*TRY IT*:
Return the line containing "唐嫣台词争议背后：演技的蜕变与仙侠剧的回归" and every line beneath it through the end of the entries below, unchanged. Pictures stay out.

++++++++

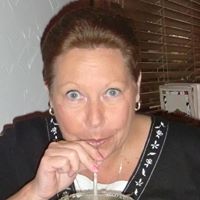 Jackie Dunlap Photo 5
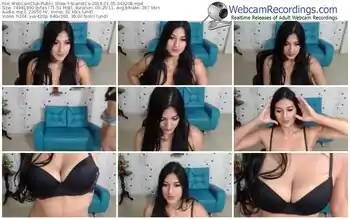 webcamclub-scarletco-webcam-show-01_05_2018-04_32_08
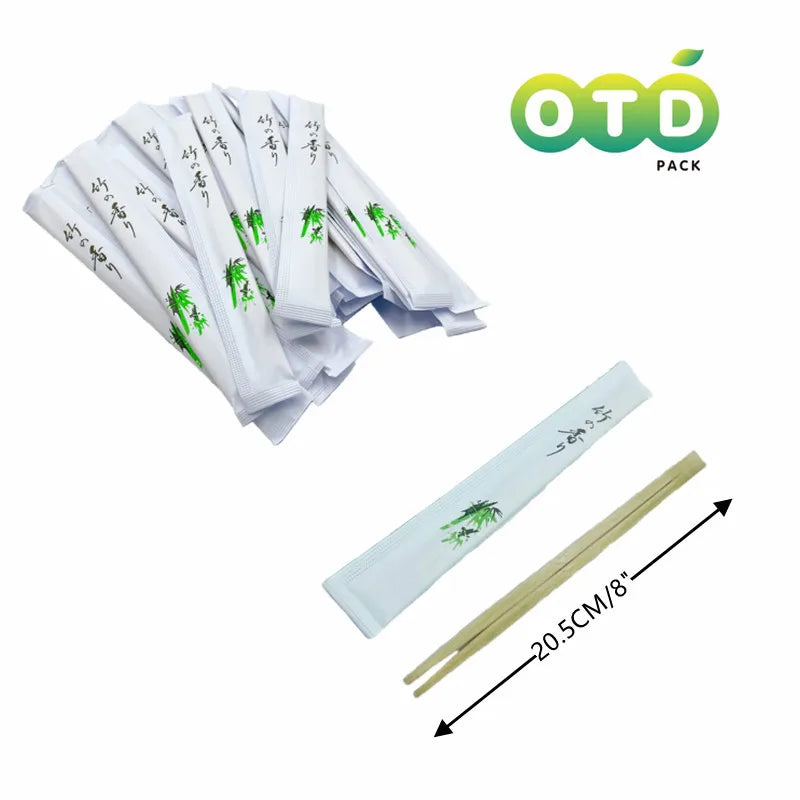 15/25/50 Pcs Pagoda Wire Handle Chinese Takeout Food Containers Disposable Noodle Boxes Meal Prep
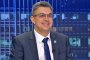 Пл. Николов пак излъга: Само Бхуто е философка
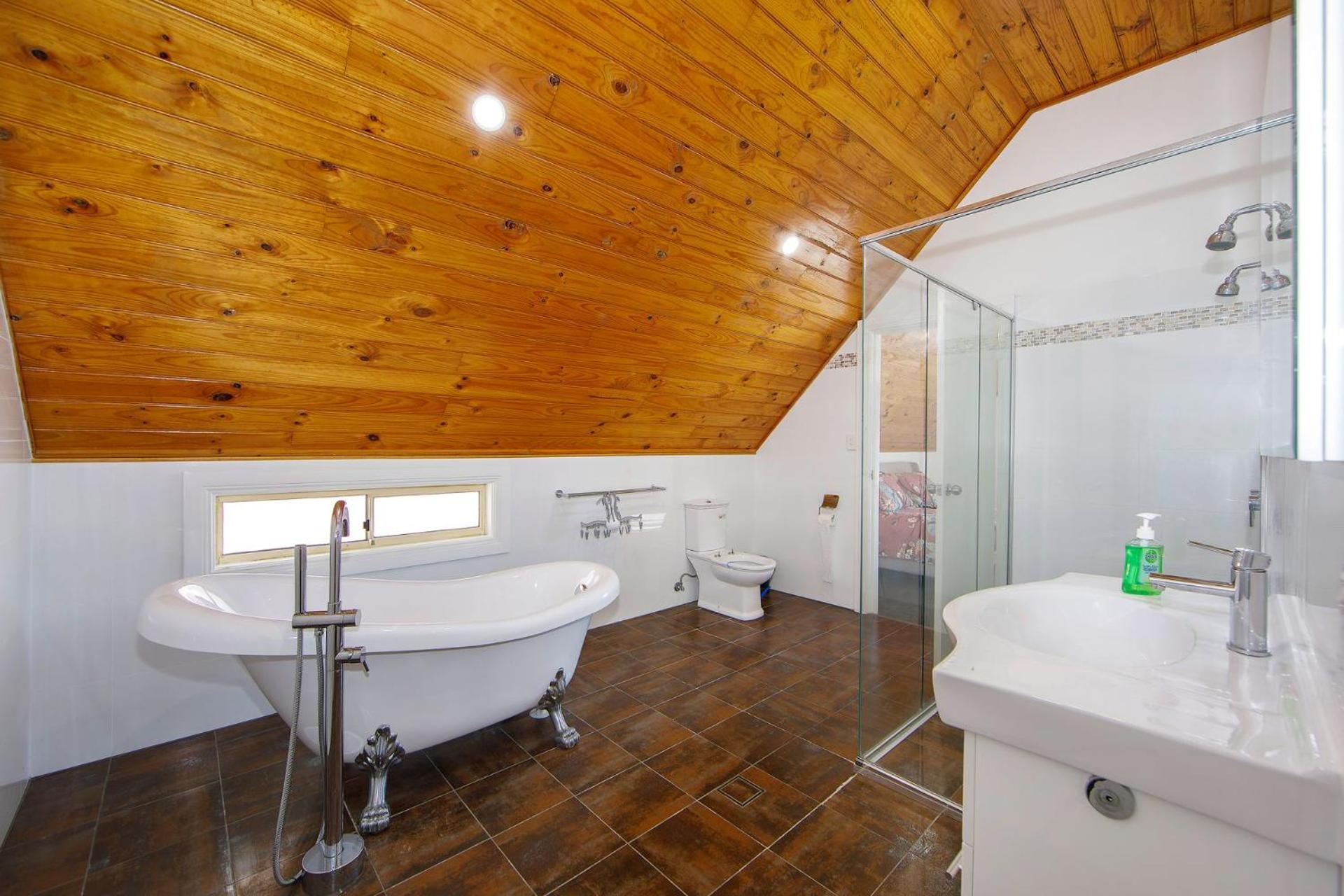 Joumanjii Beach House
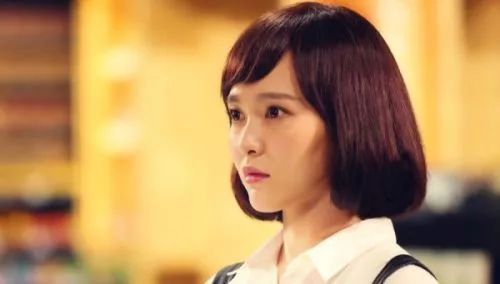 唐嫣台词争议背后：演技的蜕变与仙侠剧的回归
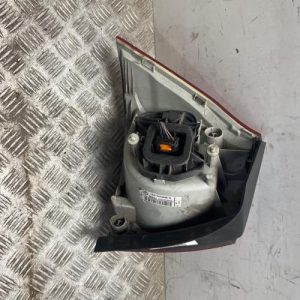 VOLKSWAGEN GOLF 5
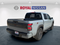 2026 Nissan Frontier Crew Cab PRO-X®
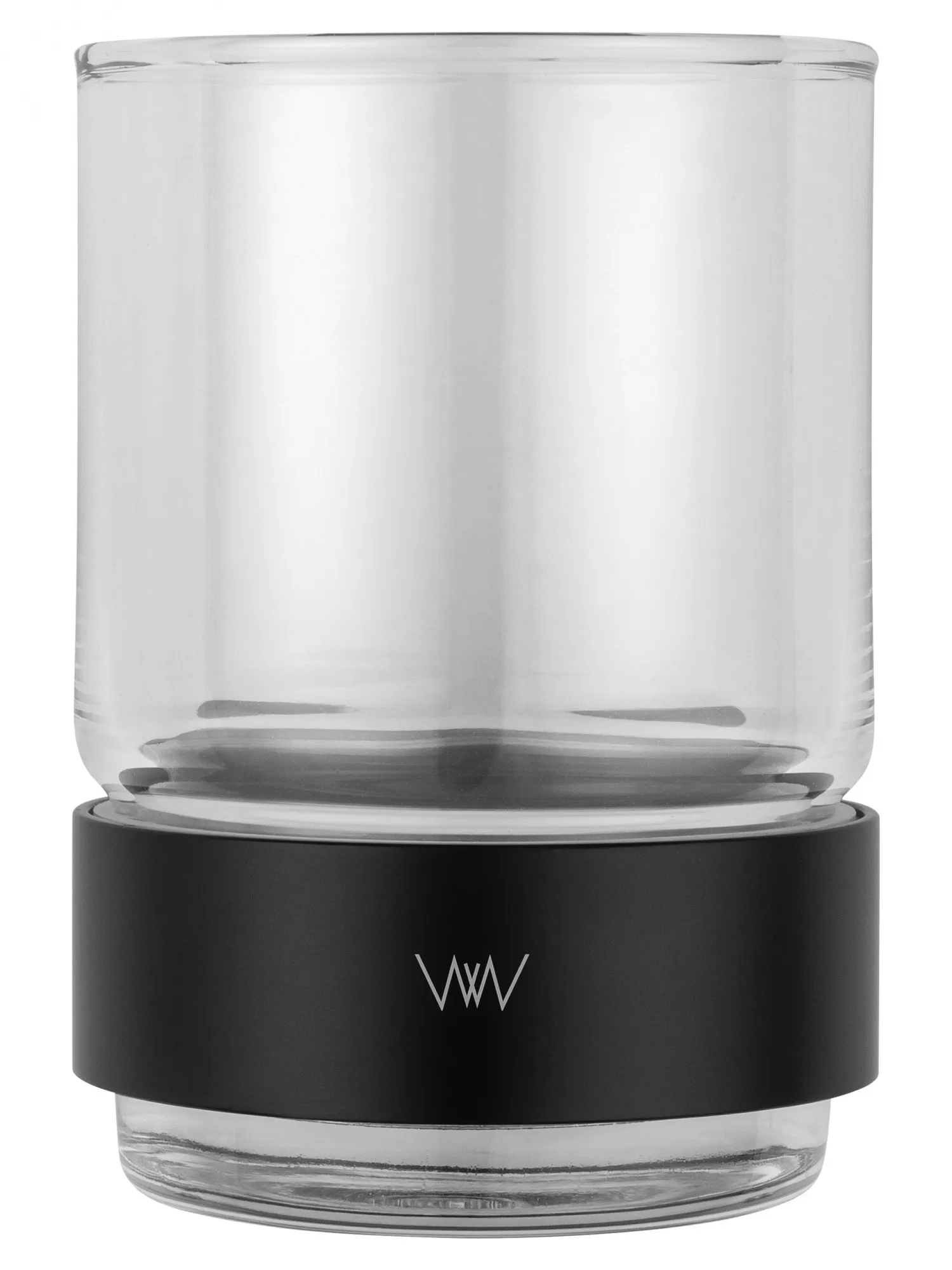 WW-7721_3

++++++++

*OUTPUT OF THE TASK*:
 唐嫣台词争议背后：演技的蜕变与仙侠剧的回归
 VOLKSWAGEN GOLF 5
 2026 Nissan Frontier Crew Cab PRO-X®
 WW-7721_3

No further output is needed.